What to work on » Without any of the pictures, print every record below exactly.

Recorded data »

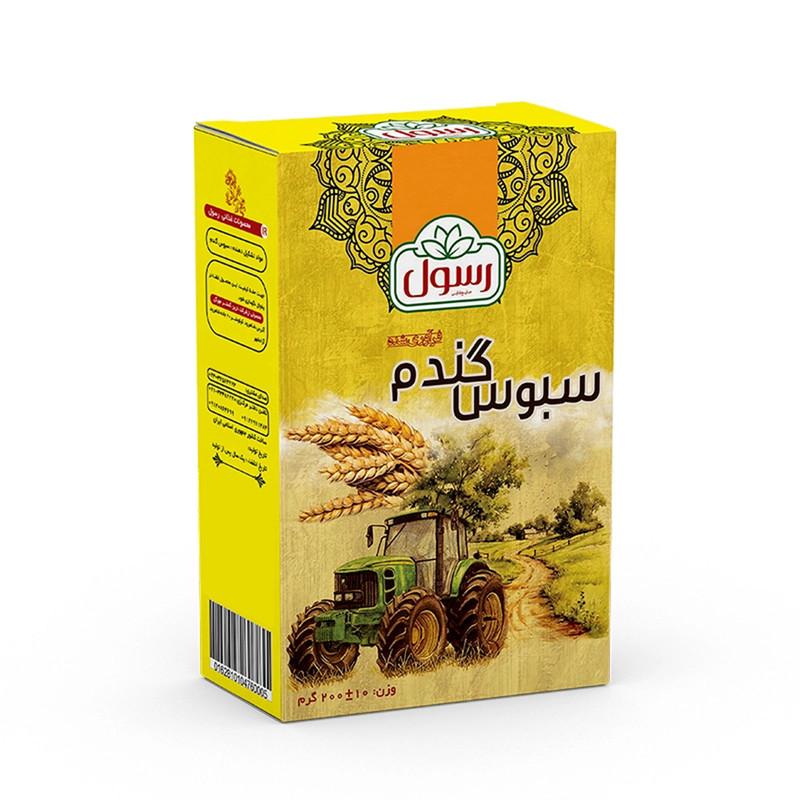 سبوس گندم رسول کد 06 وزن 200 گرم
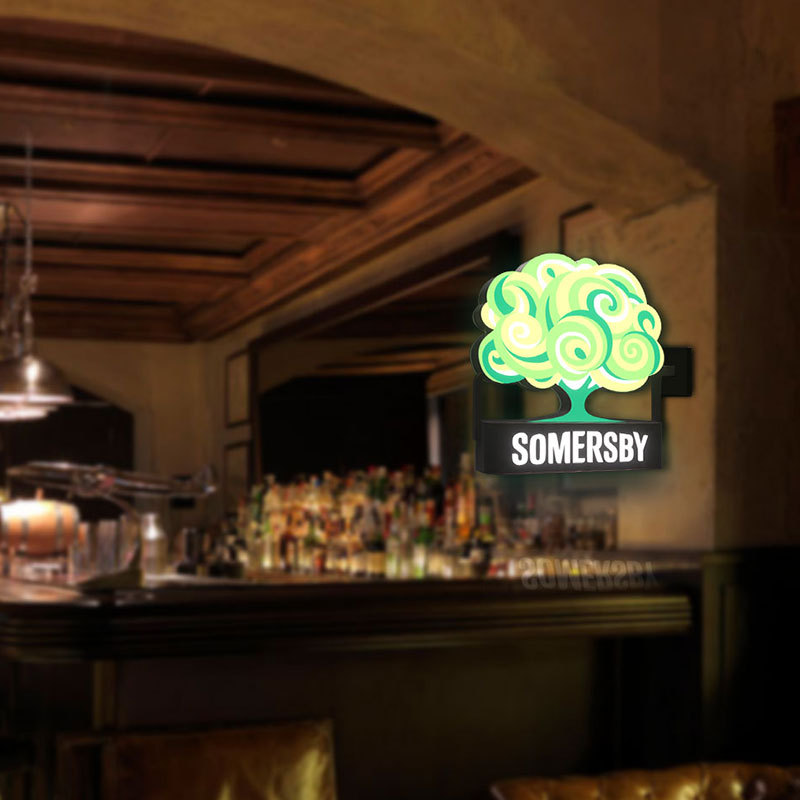 若美亚克力双面UV画面异形造型灯箱LED不锈钢灯箱室外灯箱制作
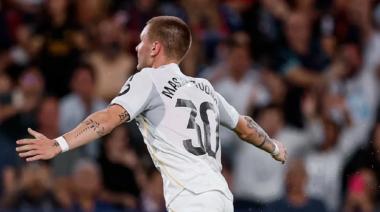 Franco Mastantuono marcó su primer gol con el Real Madrid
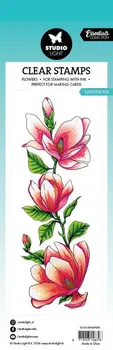 Flori Timbru Clar Magnolia pentru DIY Scrapbooking Album Foto Relief Decorativ Cărți de Hârtie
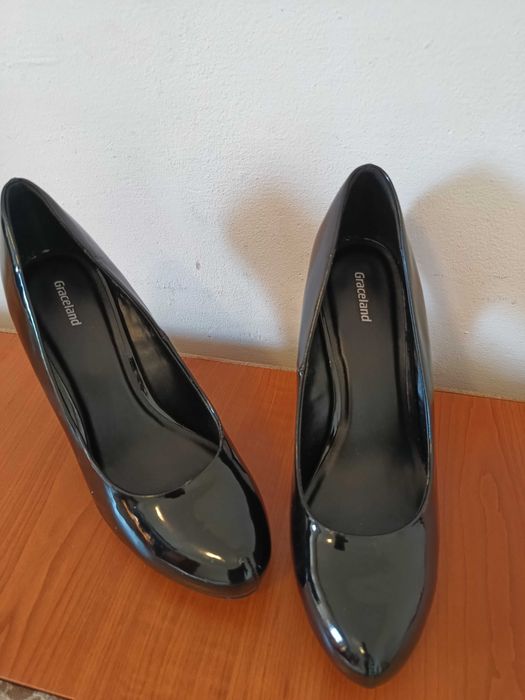 Pantofi dama Graceland negri ,Nr. 40,lacuiti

Response »
 سبوس گندم رسول کد 06 وزن 200 گرم
 若美亚克力双面UV画面异形造型灯箱LED不锈钢灯箱室外灯箱制作
 Franco Mastantuono marcó su primer gol con el Real Madrid
 Flori Timbru Clar Magnolia pentru DIY Scrapbooking Album Foto Relief Decorativ Cărți de Hârtie
 Pantofi dama Graceland negri ,Nr. 40,lacuiti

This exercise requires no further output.